### Input data:

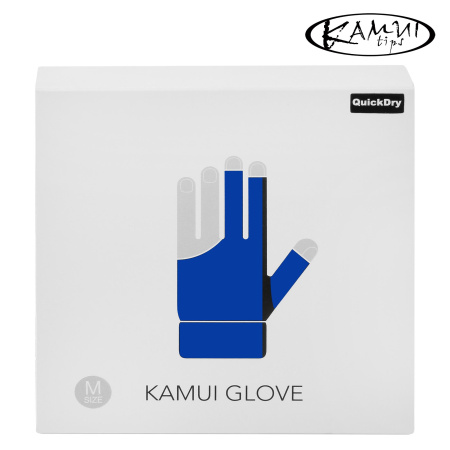 Перчатка Kamui QuickDry синяя/черная левая S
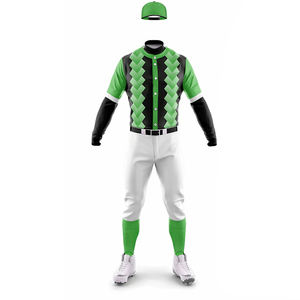 Vêtements de sport confortables, de haute qualité, légers, au meilleur design, uniforme de baseball au meilleur design en plusieurs couleurs, service OEM - Product Image 5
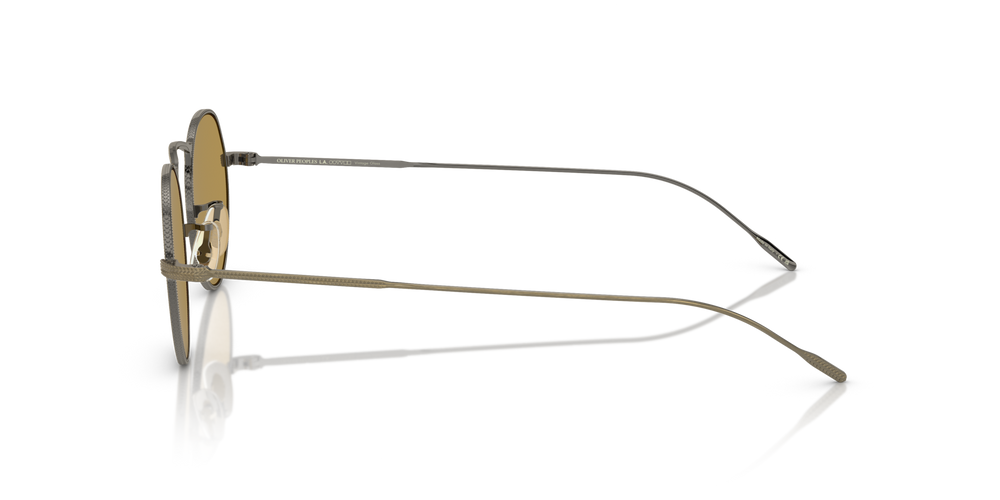 Oliver Peoples M-4 30Th con montatura Oro Antico e lenti  Arancione - immagine 4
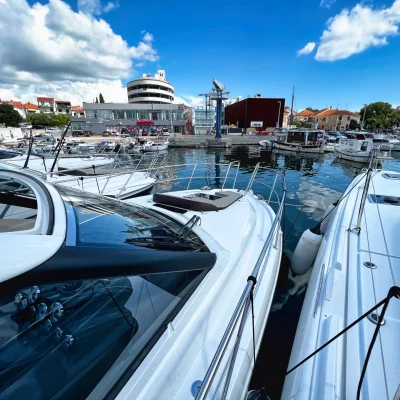 Motorboot Chartern Kroatien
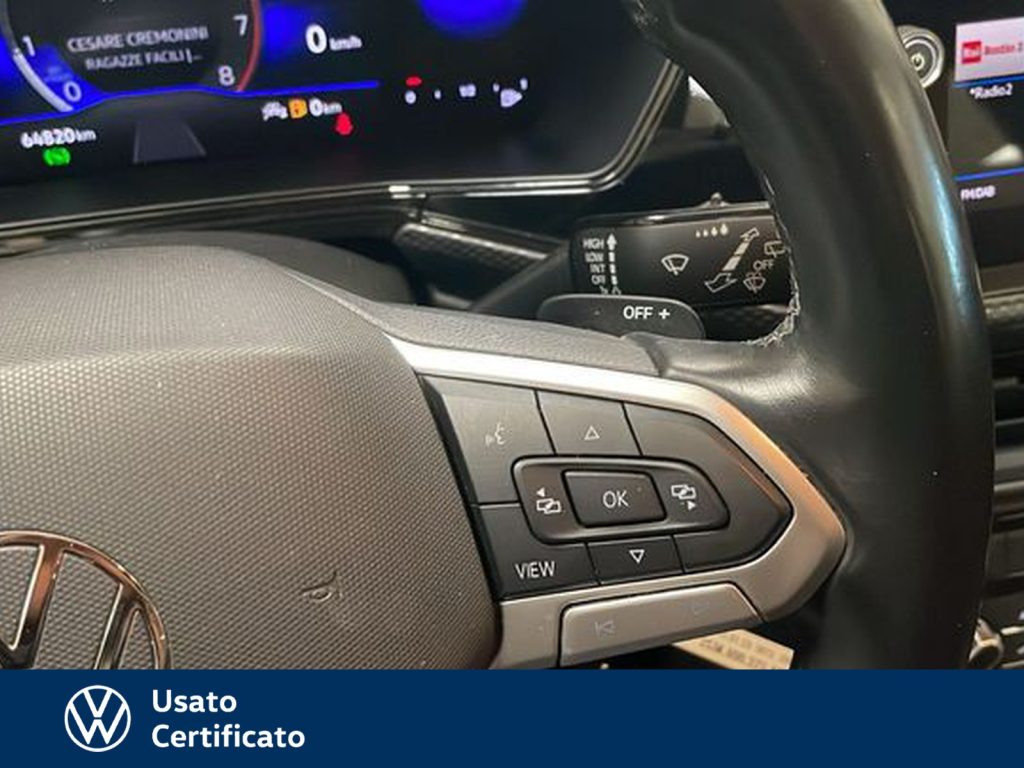 VOLKSWAGEN T-Cross 1.0 tsi style 110cv dsg - 15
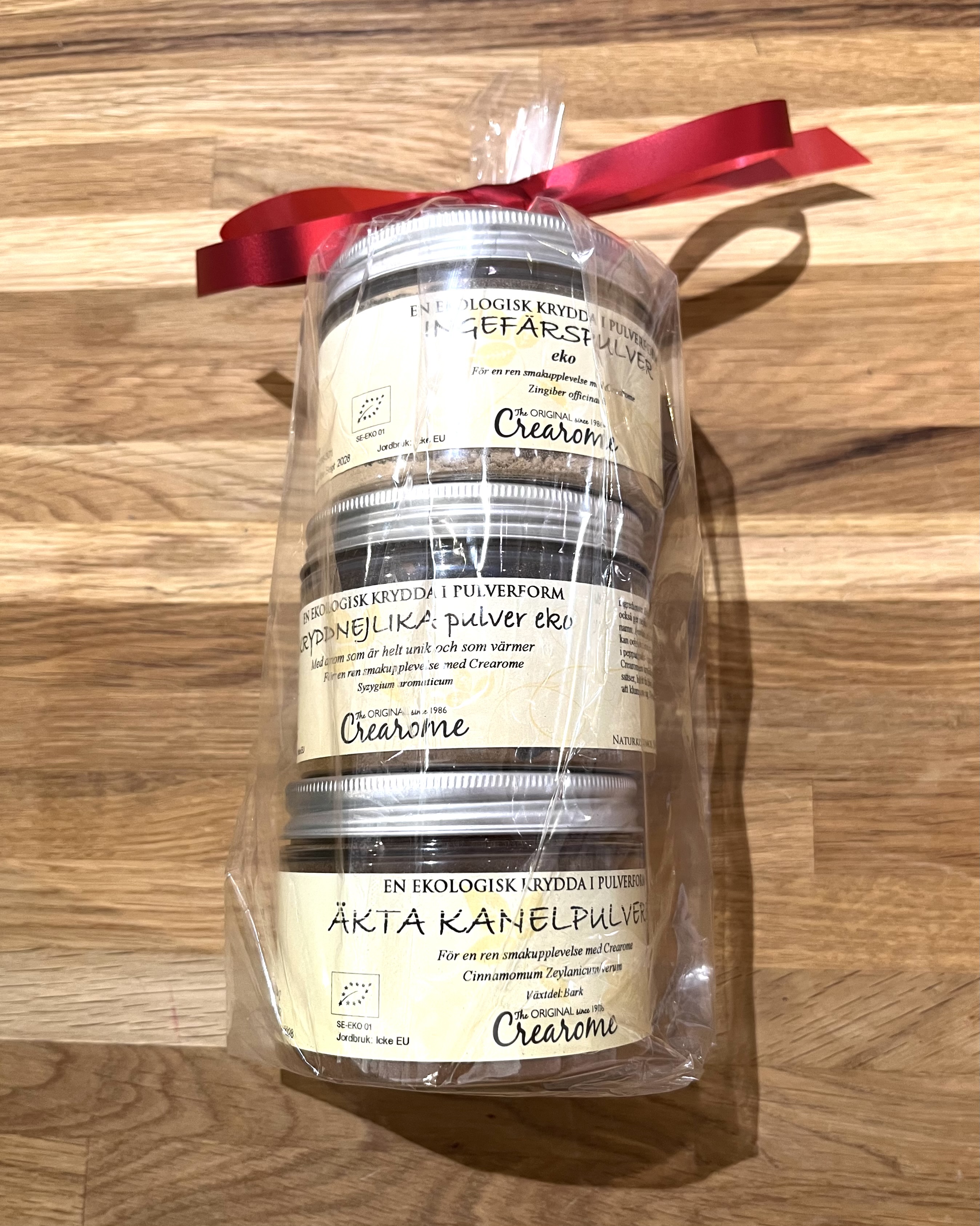 Gift set Christmas spice pack, Crearome
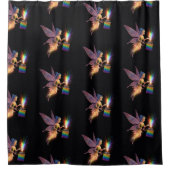 Rideau de douche Mariage Féerique Marvel (Devant)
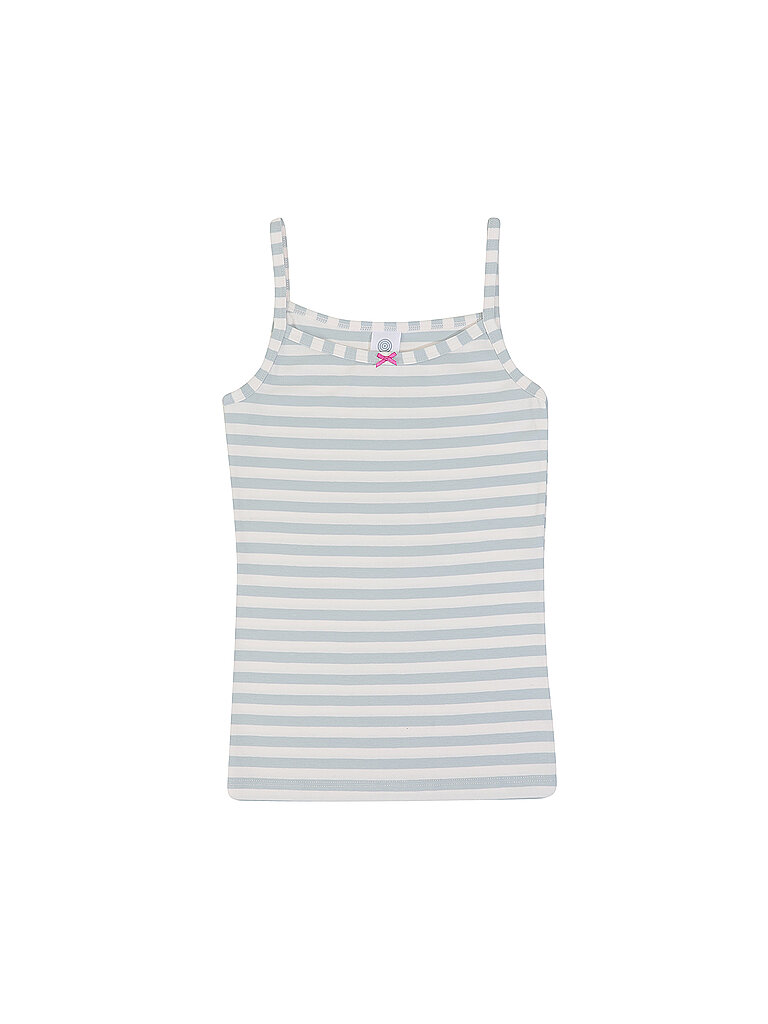 SANETTA Mädchen Unterhemd blau | 140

### What the exercise asks:
Could you return, word for word, every line from the line with "Oliver Peoples M-4" through the last line of the listing above, both ends included, without any pictures?

### Task solution:
 Oliver Peoples M-4 30Th con montatura Oro Antico e lenti  Arancione - immagine 4
 Motorboot Chartern Kroatien
 VOLKSWAGEN T-Cross 1.0 tsi style 110cv dsg - 15
 Gift set Christmas spice pack, Crearome
 Rideau de douche Mariage Féerique Marvel (Devant)
 SANETTA Mädchen Unterhemd blau | 140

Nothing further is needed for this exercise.